Overcoming Adversity on the Path to Graduation

De'Aja Asbury
Year One KSU
Published in
4 min readJun 19, 2017

Each year, an average of about 1.3 million students drop out of high school in the United States. That’s nearly 2 out of every 4 high school students in America that abandons their seat at graduation. For many high school students, what takes place inside of a classroom is the least of their issues. Whether its academic troubles, financial complications, family issues, or self-doubt, there are many obstacles that could be placed on a student’s path to graduation.

Elder Neal A. Maxwell said, “Trials and tribulations tend to squeeze the artificiality out of us, leaving the essence of what we really are and clarifying what we really yearn for.” Phases of adversity will be faced throughout our lives, but how we overcome and what we take from those challenges is what truly defines us. For some, adversities will result in positivity that influence the path of ones life. Confronting adversities of my own wasn’t the easiest task for me, but what is easy isn’t always worth it, and the amount of adversity I faced throughout my senior year does not compare to the amount of joy I received at the end of my senior year. Senior year, for me, was the most challenging year that I faced while in high school… or school. Period. From working full-time hours just to pay for what I needed to starting college in the summer just to get away from home sooner, I faced fewer challenges in the halls of Stephenson than I did in my own home.

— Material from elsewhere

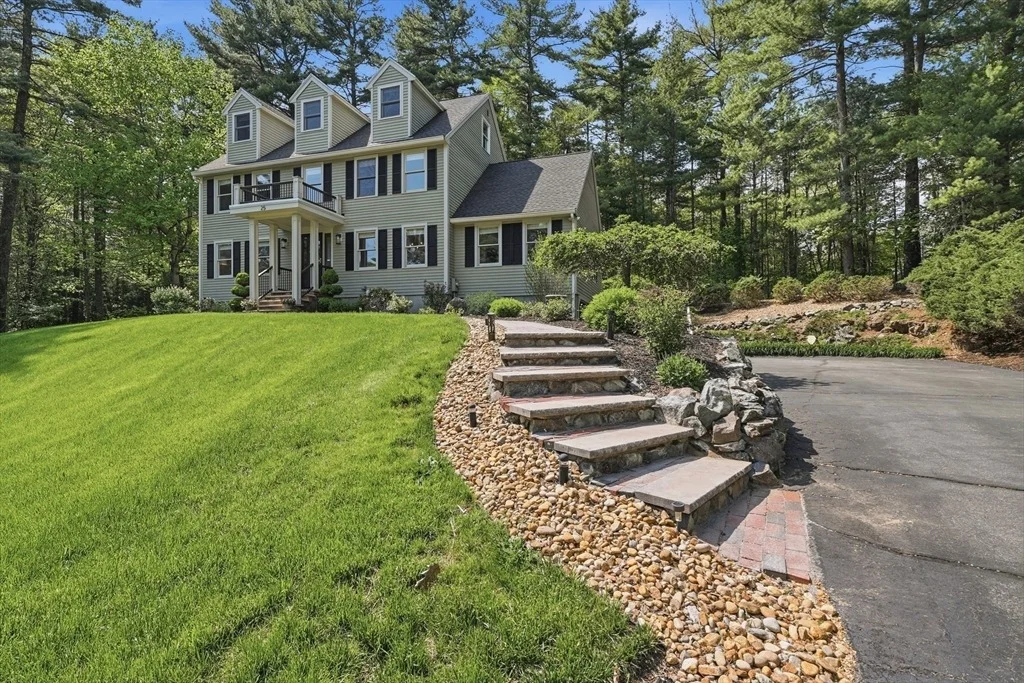 Photo of 25 Christa Drive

When I got my first job, I thought it’d just be extra money I’d have in my pockets. You know? Pay for a senior fee here or there, but not here AND there. Every time I asked my mother for help, it was always “Figure it out.” Now I’m not saying that she owes me anything. That’s my mother. She gave me life, and that was more than enough, but senior year is the most financially stressful year you will ever deal with in high school. Senior dues, cap and gown, lost textbooks, lost library books, activities, and not to mention the dues if you were a member of a club. My personal list went on for days. I went from working twenty-four hours a week with four days off to working forty-five hours a week with no days off. I was being released from school early under the work study program, pulling off ten-hour shifts. I got so caught up in overworking myself that I neglected my classes, but how else was I going to pay for everything?

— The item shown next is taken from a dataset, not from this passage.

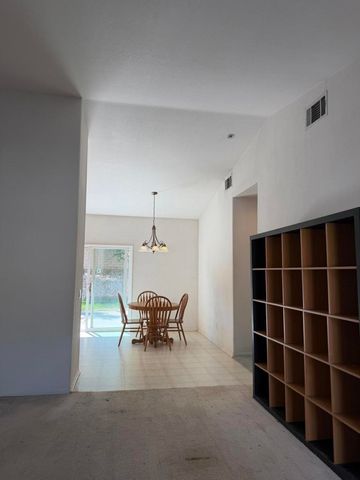 469 Autumn Way, Banning, CA 92220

The day before graduation, I was still failing my British Literature class with a 66.42. No extra credit, no remaining assignments, and a “no handouts” teacher. I didn’t know how to feel. I didn’t know what I was suppose to feel. All I could, at the moment, was wonder if I had really dedicated twelve years (thirteen, if you include pre-k) of my life just to fail myself at the end of it all. And although my relationship with my mother isn’t at its best standing, taking away her chance of seeing her child walk across the stage just wouldn’t be fair, especially considering the fact that she discovered she was pregnant with me on the day of her own graduation. Usually, I pull through, but what if I don’t this time? How do I explain that to her if I don’t?

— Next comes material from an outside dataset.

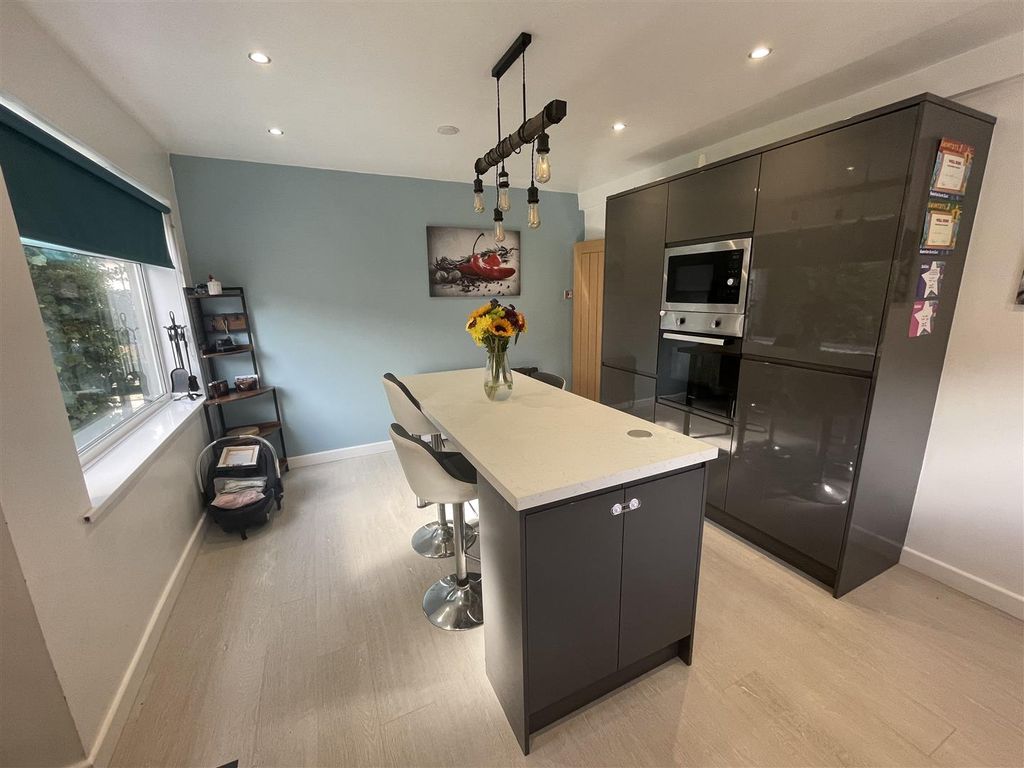 Property photo 1 of 13 23 Moss 10.Jpg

Because of my failing relationship with my parents, my connection with my friends and classmates were stronger than anything. From being the co-captain of my dance team, putting eleven girls under my wings and befriending over two hundred bandmates to representing my class as class president, I was always at school. From 8a to 10p, you would’ve thought I slept there at night. But the connection to some of my peers was lost on the day of graduation when I realized that some of them didn’t pull through and make it like I did. Am I suppose to feel sad for them? Are they happy for me?

A lot of whats and hows were unanswered for me, but on Wednesday, May 24, 2017, those answers didn’t matter anymore. I did. I walked across the stage with a diploma in my hand, I put a smile on my mother’s face, and I still got the support from my friends, rather it was in the audience or sitting next to me in our royal blue. As I write the last words to this post, I sit where I once thought I wouldn’t make it, on a college campus, Kennesaw State University’s campus.